From MIT an artificial intelligence that recognizes objects from verbal descriptions
MIT scientists study a system based on artificial intelligence that can recognize objects in a scene simply by verbal description: it can be the starting point for machine translation systems.
The speech recognition systems that are implemented in consumer devices currently on the market, although significantly improved even compared to a few years ago, still have a generally awkward behavior and above all, they need to set up significant amounts of annotations and transcriptions to understand correctly what the user is referring to.
A viable path is that of loosening through artificial intelligence and algorithms and at MIT a research project has been carried out to test a machine learning system able to identify the objects present in a scene based on the vocal description that is provided. Referring, for example, to a pair of red trousers, the system can recognize the garment without having to resort to other transcriptions.
Researchers began by following an existing approach in which two neural networks process images and audio spectrograms, so as to learn how to match an audio fragment with images that contain a given object. However, the neural network that manages the images has been modified to divide an image into a grid of boxes, while the neural network dedicated to the audio divides the spectrogram into fragments lasting 1-2 seconds.
After combining the right image with the relevant audio segment, the training process involves evaluating how the AI system is able to correctly match the audio segments to the objects in the grid. In a sense, this system can be imagined as teaching a child to recognize objects, indicating a specific one and pronouncing his name. The researchers trained the system with a total of 400 thousand audio image-fragment pairings, and processed 1000 random pairings for the test.

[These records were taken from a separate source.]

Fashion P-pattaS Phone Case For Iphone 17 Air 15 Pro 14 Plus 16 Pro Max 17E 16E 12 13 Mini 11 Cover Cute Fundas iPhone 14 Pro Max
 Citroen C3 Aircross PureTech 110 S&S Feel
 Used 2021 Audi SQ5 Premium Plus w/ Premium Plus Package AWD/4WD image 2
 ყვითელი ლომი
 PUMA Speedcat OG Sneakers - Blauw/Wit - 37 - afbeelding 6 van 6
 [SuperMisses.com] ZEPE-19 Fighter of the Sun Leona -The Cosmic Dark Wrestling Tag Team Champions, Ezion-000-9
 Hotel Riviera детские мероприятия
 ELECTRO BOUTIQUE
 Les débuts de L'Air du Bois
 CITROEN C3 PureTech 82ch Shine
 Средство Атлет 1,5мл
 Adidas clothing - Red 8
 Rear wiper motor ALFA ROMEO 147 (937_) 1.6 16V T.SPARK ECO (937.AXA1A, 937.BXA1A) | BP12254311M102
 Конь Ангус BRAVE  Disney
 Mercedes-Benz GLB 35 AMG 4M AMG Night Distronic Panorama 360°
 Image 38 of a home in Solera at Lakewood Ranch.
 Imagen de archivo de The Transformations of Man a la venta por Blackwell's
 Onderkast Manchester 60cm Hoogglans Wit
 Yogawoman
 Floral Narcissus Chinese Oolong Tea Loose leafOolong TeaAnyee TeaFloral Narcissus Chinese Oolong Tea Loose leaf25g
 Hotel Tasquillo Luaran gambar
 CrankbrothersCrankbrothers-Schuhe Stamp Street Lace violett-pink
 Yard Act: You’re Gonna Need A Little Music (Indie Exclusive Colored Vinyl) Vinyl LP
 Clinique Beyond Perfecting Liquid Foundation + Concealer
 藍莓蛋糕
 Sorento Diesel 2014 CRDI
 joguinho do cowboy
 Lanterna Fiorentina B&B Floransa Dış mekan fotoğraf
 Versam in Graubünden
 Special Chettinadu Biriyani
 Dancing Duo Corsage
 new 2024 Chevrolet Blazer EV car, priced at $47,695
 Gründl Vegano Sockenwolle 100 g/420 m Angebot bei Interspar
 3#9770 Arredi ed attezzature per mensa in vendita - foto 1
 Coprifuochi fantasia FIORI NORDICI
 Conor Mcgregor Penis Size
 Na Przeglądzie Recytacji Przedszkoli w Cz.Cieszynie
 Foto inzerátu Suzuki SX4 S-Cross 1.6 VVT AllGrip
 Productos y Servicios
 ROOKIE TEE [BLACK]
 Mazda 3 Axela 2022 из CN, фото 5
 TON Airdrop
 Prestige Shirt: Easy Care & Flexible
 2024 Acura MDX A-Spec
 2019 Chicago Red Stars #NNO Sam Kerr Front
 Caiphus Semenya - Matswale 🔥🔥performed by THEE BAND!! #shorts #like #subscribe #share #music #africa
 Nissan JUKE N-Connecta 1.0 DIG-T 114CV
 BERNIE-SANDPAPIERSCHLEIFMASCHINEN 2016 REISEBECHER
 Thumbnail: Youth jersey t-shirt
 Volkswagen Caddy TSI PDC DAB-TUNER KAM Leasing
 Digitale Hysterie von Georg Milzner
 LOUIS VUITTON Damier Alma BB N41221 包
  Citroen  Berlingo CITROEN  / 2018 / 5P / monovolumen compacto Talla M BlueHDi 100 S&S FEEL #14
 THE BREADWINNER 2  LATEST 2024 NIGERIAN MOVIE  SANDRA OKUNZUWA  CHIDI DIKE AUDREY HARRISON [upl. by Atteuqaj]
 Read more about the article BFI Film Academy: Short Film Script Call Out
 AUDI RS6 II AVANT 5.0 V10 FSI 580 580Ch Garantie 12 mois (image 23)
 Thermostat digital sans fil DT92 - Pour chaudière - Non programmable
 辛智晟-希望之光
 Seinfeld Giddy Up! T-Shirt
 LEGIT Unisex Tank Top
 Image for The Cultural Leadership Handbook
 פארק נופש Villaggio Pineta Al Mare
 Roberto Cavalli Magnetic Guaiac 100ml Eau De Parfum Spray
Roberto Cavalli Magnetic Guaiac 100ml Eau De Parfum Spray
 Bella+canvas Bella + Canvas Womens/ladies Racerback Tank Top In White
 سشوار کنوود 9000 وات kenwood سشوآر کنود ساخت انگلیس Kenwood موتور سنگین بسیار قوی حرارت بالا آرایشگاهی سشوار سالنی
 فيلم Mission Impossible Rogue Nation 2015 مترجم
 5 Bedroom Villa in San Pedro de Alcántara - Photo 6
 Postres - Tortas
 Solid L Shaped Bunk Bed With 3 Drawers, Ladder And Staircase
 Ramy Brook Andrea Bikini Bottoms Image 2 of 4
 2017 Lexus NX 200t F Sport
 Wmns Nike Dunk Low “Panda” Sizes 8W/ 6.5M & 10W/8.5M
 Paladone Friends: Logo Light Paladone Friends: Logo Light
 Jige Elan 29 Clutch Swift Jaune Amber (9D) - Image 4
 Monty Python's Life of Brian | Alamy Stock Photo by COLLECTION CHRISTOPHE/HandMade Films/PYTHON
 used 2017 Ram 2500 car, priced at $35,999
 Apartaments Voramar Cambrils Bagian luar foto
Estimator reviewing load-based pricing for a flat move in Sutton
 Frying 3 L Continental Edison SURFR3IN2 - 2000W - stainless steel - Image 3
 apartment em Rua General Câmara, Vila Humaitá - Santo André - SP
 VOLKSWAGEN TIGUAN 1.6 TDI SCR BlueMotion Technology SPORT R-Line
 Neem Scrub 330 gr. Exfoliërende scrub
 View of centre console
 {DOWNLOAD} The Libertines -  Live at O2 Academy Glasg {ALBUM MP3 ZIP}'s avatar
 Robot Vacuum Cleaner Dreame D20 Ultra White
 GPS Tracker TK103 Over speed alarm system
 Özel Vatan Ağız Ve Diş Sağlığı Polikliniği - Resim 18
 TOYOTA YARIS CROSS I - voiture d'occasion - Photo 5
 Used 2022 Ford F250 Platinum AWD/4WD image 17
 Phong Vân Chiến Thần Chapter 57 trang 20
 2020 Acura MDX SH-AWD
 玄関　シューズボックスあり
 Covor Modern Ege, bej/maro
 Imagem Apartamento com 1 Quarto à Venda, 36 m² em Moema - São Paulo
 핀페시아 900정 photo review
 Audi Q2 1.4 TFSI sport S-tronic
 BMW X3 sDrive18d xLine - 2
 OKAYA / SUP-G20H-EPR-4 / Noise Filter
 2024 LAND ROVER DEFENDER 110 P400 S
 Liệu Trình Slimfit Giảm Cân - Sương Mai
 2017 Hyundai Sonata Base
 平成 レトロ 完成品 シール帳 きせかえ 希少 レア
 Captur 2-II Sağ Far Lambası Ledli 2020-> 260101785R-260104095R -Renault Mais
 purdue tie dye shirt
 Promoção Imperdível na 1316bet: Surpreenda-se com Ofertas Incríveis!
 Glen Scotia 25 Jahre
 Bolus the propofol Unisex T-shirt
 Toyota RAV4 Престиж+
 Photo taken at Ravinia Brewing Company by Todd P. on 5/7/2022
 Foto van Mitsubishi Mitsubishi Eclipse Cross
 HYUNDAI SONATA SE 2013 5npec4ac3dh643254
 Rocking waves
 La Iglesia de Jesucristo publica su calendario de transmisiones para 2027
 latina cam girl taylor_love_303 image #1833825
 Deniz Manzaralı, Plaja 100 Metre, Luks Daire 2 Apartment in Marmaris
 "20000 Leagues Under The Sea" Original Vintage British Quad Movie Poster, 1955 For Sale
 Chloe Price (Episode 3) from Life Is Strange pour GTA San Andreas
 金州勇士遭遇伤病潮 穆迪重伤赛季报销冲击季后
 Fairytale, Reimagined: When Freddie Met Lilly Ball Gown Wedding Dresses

A system of this kind can have many potential uses, but researchers seem to be interested in beating the path of automatic translations: it becomes possible, for example: to exploit various people who speak different languages describing the same object and to have the system take that an audio fragment of an idiom is nothing more than the translation of an audio fragment of another idiom. A technology that could significantly expand the speech recognition capabilities of assistance systems, extending the use cases.